THE USES OF EQUANIMITY

The Uses of Equanimity

September 24, 2008

When the Buddha taught breath meditation to his son, Rahula, he first gave him an exercise in developing patience and equanimity. It’s important to see how the two practices are related, because they show that equanimity doesn’t mean passivity, or simply accepting things as they are and leaving them at that. Rather, it’s meant to serve a purpose—to allow you to see more clearly, to learn how to accept what can’t be changed, but also to look for what can be changed, where you can make a difference. Even when you accept the fact that there’s a lot of suffering in life, it doesn’t mean that you stop there. You look for the area where there is no suffering, where suffering can be put to an end.

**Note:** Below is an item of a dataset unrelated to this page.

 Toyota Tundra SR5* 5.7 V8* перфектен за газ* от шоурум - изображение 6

When the Buddha taught Rahula, he said, “Start out by making your mind like earth. When disgusting things are thrown on the earth, the earth doesn’t shrink away.” We can also add that when wonderful things are thrown on the earth, the earth doesn’t get excited. The Buddha then said, “Make your mind like water. When water has to wash away disgusting things, it doesn’t get disgusted. Or like fire: when fire burns disgusting things, it doesn’t get disgusted. Or when wind blows away disgusting things, the wind isn’t disgusted. It stays unchanged. Make your mind like that.”

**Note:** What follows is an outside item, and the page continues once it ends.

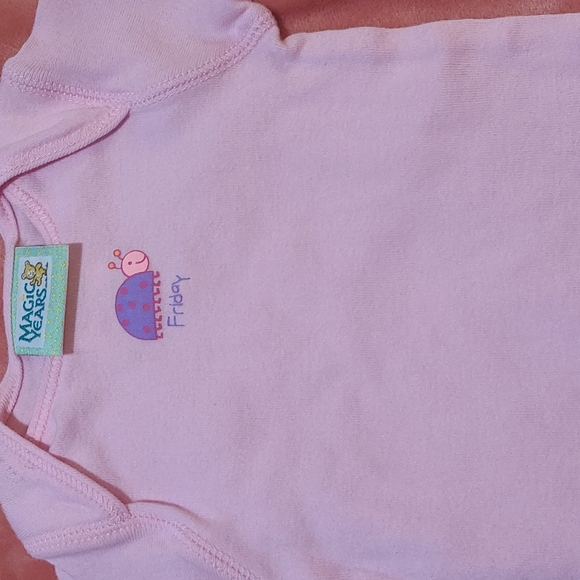 Baby Shirts With One Bib. - Picture 6 of 10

But the Buddha didn’t stop there, simply with acceptance. He wasn’t teaching Rahula to be a clod of dirt. He went on to teach breath meditation, and breath meditation isn’t simply accepting the breath whatever way it is. It’s very proactive. “Learn to breathe,” he said, “sensitive to the whole body. Calming the way you breathe. Train yourself to become sensitive to where there’s pleasure, to where there’s a sense of refreshment or rapture in the breathing. Notice how these feelings have an effect on the mind and then allow them to grow calm.”

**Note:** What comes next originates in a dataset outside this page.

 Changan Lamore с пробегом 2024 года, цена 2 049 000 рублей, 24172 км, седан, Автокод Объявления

What this means is that, building on equanimity and patience, you become proactive. In other words, the equanimity and patience are designed to make you see clearly. When you lack equanimity, you react immediately to whatever happens and you don’t get to see, “Well, what happens if I just sit with this for a while? Where does it lead?” When you’re equanimous, you can begin to see cause and effect more clearly over the long term, without being blinded by your knee-jerk reactions. You can watch stress with the purpose of seeing what causes it, what arises together with the stress. The stronger your equanimity, the more you can see.

So equanimity and acceptance are not an ends in and of themselves. They’re a means to knowledge, the knowledge we develop around the four noble truths: looking for the stress, trying to comprehend it to the point where you can see what’s causing it, what activities you’re engaged in that are contributing to the stress, and learning how to stop those activities, to drop them. That’s where you let go.

Essentially, equanimity allows you to learn the terrain. When you know the terrain, you can find the path. Life doesn’t necessarily follow your wishes, but if you’re patient enough and observant enough, you begin to see that it does offer opportunities for an end to suffering. That’s essentially the Buddha’s message. You want to develop your powers of observation so you can see that for yourself.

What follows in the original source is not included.